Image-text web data

◆ ◆ ◆ ◆ ◆ ◆ ◆

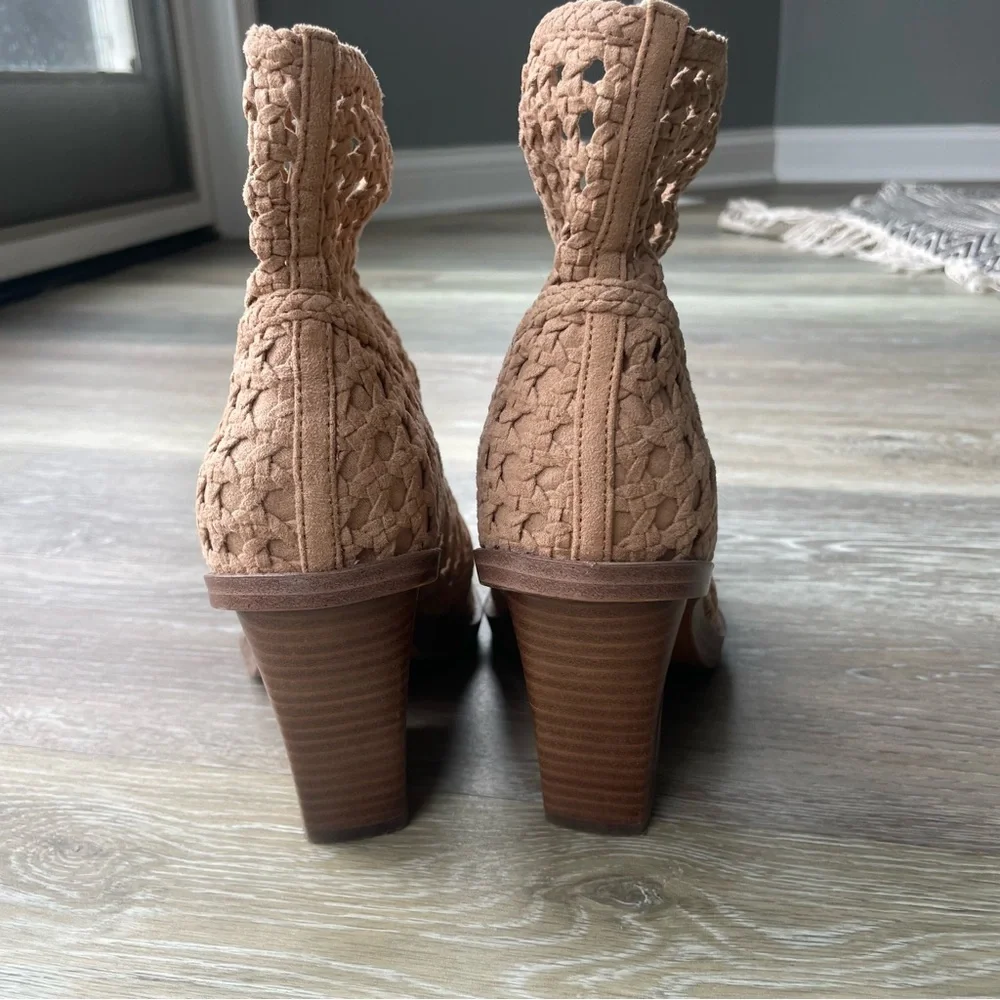 Jessica Simpson Lukkah Tan Woven Ankle Booties Size 6.5 - Picture 4 of 8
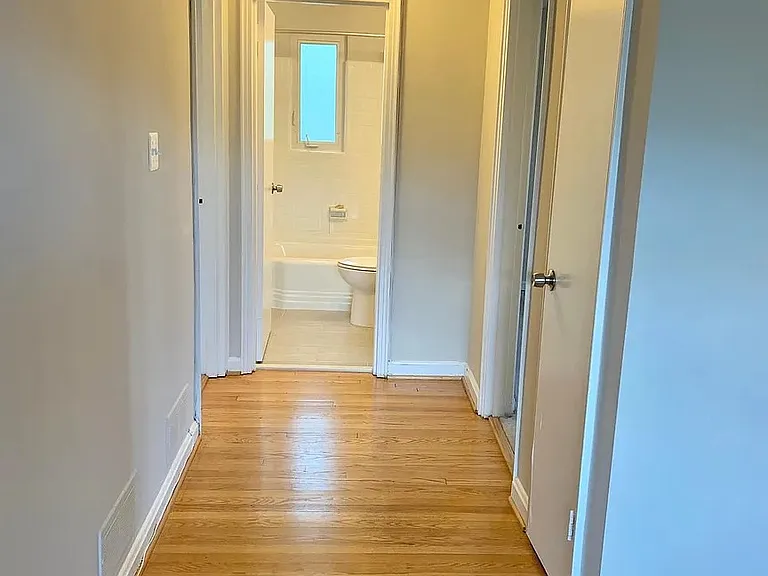 Hallway looking towards bedrooms/bathroom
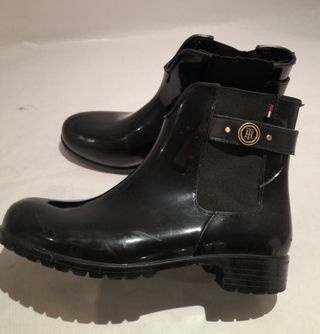 Botas de agua Tommy Hilfiger de segunda mano en WALLAPOP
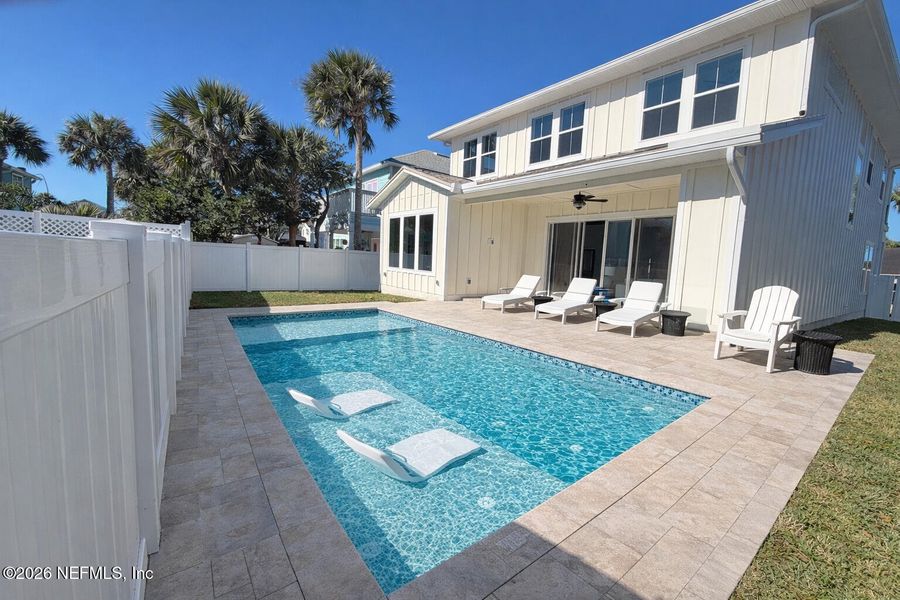 Exterior details and patio area of a home in , Jacksonville Beach (Image 4).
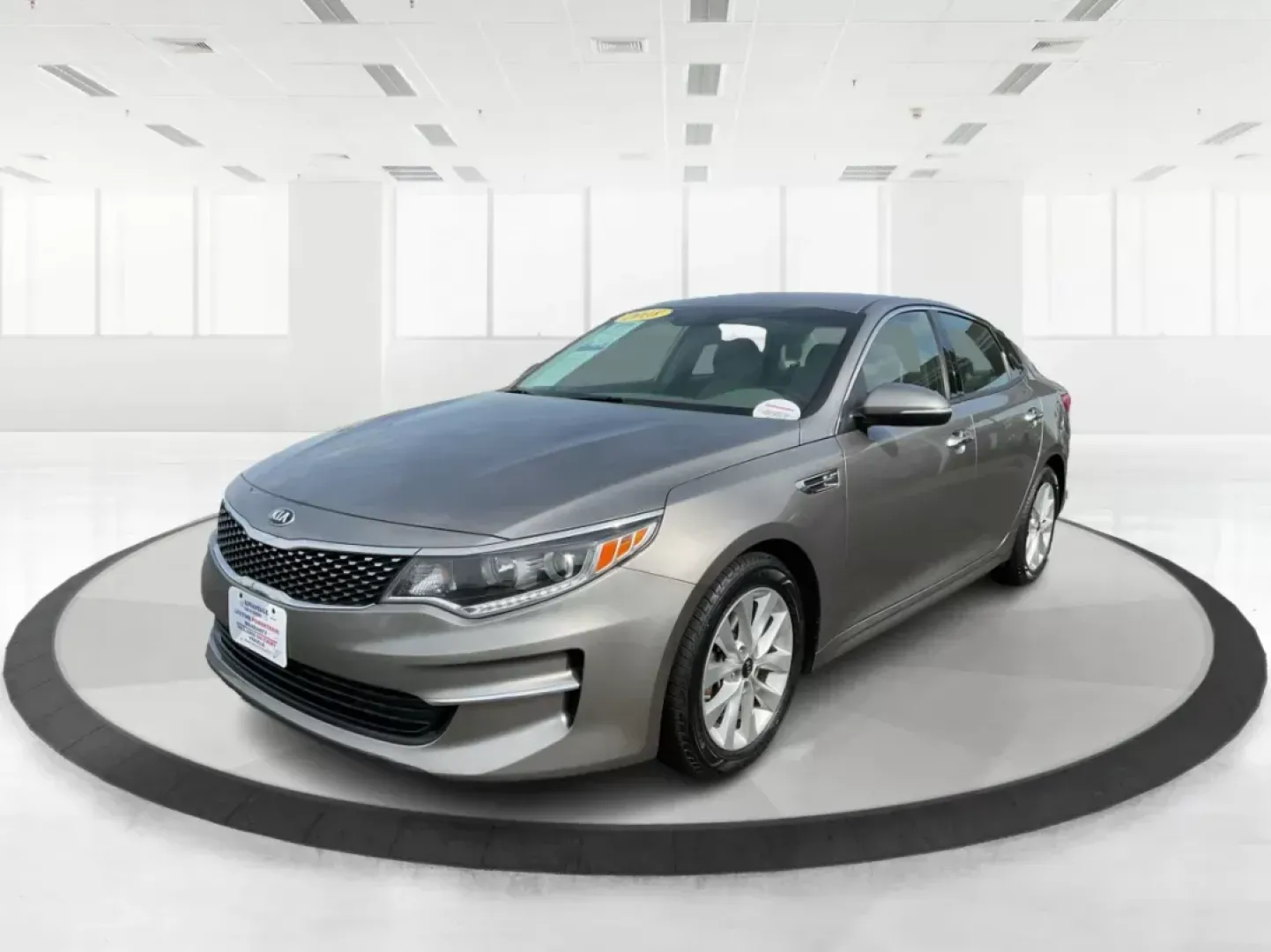 2018 Kia Optima EX (5XXGU4L36JG) with an Theta II 2.4L I-4 gasoline direct injection engine, located at 880 E. National Road, Vandalia, OH, 45377, (937) 908-9800, 39.891918, -84.183594 - 2018 Kia Optima EX - Photo#6
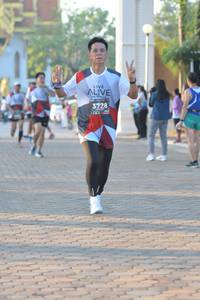 BIB: 3728
                            <button type="button" onclick="openModal(6449662)" class="btn btn-primary btn-sm float-right btn-popup" data-toggle="modal" data-target=".modal-high-quality">
                        <i class="fas fa-shopping-cart"></i> Add to Cart
                    </button>
                                            <button type="button" onclick="isThisMe(6449662, true)" class="btn btn-success btn-sm float-right btn-popup btn-isme hidden" data-toggle="tooltip" data-placement="bottom" title="นี่คือรูปของคุณใช่ไหม คลิกที่นี่เพื่อเอาเข้าอัลบั้ม">
                        <i class="fas fa-plus"></i> Add to album
                    </button>
                    <button type="button" onclick="isThisMe(6449662, false)" class="btn btn-warning btn-sm float-right btn-popup btn-isnotme hidden">
                        <i class="fas fa-ban"></i> Remove from album
                    </button>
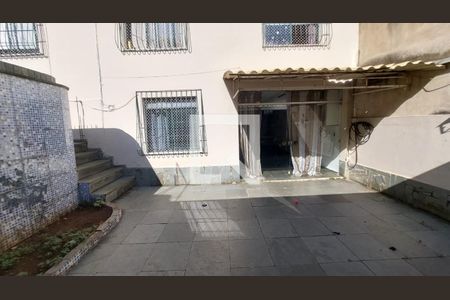 Casa à venda com 244m², 4 quartos e 2 vagasQuintal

◆ ◆ ◆ ◆ ◆ ◆ ◆

| Task details |
Give every entry above again, exactly, and keep all pictures out of it.

| Task output |
 Jessica Simpson Lukkah Tan Woven Ankle Booties Size 6.5 - Picture 4 of 8
 Hallway looking towards bedrooms/bathroom
 Botas de agua Tommy Hilfiger de segunda mano en WALLAPOP
 Exterior details and patio area of a home in , Jacksonville Beach (Image 4).
 2018 Kia Optima EX (5XXGU4L36JG) with an Theta II 2.4L I-4 gasoline direct injection engine, located at 880 E. National Road, Vandalia, OH, 45377, (937) 908-9800, 39.891918, -84.183594 - 2018 Kia Optima EX - Photo#6
 BIB: 3728
                            <button type="button" onclick="openModal(6449662)" class="btn btn-primary btn-sm float-right btn-popup" data-toggle="modal" data-target=".modal-high-quality">
                        <i class="fas fa-shopping-cart"></i> Add to Cart
                    </button>
                                            <button type="button" onclick="isThisMe(6449662, true)" class="btn btn-success btn-sm float-right btn-popup btn-isme hidden" data-toggle="tooltip" data-placement="bottom" title="นี่คือรูปของคุณใช่ไหม คลิกที่นี่เพื่อเอาเข้าอัลบั้ม">
                        <i class="fas fa-plus"></i> Add to album
                    </button>
                    <button type="button" onclick="isThisMe(6449662, false)" class="btn btn-warning btn-sm float-right btn-popup btn-isnotme hidden">
                        <i class="fas fa-ban"></i> Remove from album
                    </button>
 Casa à venda com 244m², 4 quartos e 2 vagasQuintal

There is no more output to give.